The challenge is to manage a multi-stakeholder environment, understand the roles of different players, be seen as a contributor to society. Those are expectations of leadership today.

There seems to be a dichotomy in the corporate set up today. In the older organisations, the CEOs are in their 50s, whereas in the new age enterprises, the CEOs are in their 40s or even younger. What is the leadership paradigm then today?

First, it’s healthy for the world to promote an entrepreneurial environment where people with talent and passion can build amazing new companies. It creates a dynamic spirit in society. For most older organisations the expectations are to operatein different parts of the world; they need managerial skills to nurture talent. It will be unusual to find that in someone in their 30s. The challenge is to develop the maturity and skills and still preserve the spirit of growth and experimentation. They have to be change agents. There are many examples of leaders who come into leadership roles in their 40s and be change agents. So, there is a place for both and we want both to exist. We want vibrant new businesses with young people who build something from nothing. And, we also want established companies to be innovative change agents.
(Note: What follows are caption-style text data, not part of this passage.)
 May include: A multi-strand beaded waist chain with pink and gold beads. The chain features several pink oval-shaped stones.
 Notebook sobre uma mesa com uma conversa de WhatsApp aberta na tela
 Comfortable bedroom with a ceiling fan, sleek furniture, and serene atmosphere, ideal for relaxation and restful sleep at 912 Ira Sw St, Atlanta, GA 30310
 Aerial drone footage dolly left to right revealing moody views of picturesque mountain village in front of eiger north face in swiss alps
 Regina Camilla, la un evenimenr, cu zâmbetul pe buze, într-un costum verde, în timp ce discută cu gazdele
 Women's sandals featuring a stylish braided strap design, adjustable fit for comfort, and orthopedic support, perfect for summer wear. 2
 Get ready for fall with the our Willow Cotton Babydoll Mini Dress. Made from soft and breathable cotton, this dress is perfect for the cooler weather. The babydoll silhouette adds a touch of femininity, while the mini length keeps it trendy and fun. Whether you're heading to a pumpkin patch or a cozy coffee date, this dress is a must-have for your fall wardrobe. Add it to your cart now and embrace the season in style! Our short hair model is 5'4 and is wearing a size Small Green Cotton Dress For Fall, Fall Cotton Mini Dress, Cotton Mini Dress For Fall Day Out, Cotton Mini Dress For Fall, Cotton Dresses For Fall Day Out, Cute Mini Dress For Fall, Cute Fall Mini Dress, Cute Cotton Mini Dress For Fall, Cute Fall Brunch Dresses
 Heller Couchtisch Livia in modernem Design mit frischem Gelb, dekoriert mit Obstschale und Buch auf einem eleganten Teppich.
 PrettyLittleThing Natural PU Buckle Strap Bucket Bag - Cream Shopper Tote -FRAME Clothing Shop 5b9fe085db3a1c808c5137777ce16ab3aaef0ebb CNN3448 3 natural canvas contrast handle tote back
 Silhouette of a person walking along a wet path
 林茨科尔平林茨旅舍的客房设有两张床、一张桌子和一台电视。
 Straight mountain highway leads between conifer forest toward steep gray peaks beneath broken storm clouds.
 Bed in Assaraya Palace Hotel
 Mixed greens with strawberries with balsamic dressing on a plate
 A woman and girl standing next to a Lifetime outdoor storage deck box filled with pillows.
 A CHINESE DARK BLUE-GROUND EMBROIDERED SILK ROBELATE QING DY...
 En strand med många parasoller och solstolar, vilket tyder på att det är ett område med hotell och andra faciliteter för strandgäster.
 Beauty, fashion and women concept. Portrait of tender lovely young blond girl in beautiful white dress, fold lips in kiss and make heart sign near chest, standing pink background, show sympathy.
The life of a CEO in an organisation is getting shorter. How are they coping?

It varies; depends where you are in the world. Yes, there are lots of different pressures; there is intense pressure to perform and they are under scrutiny from different quarters. The time when you could speak in a different way inside an organisation and a different way outside is gone! Transparency means you have to speak in the same voice internally and externally. Actions and words have to fit; many different constituencies are watching. The scrutiny and accountability is in one way good, but short term parameters can be unhealthy.

And, scrutiny from social media is also changing the way organisations respond?

Responsiveness is very important for organisations — one bad experience can be bad for an organisation. There are higher expectations about the way you treat your customer. When incidents do occur, the ability to react credibly and manage the situation is really important; allowing it to pass is a much higher risk.

What is the top debate in corporate boardrooms today?

The biggest challenge facing corporate boards today are three things: one is that many corporations are sitting on large amounts of cash; finding attractive investment opportunities, despite the macro economic problems around the world, and to still have good returns is the first priority. The second is navigating the regulatory challenges; it varies sector by sector, country by country, it has become a challenge in different ways. The point of innovation and technology to get ahead of the curve is hitting more industries and given the regulatory changes and competitive pressures, how do you become lean, using tech. There are few today who are not thinking about digital in the broader sense of the word and how it’s going to change what they can bring to their customers.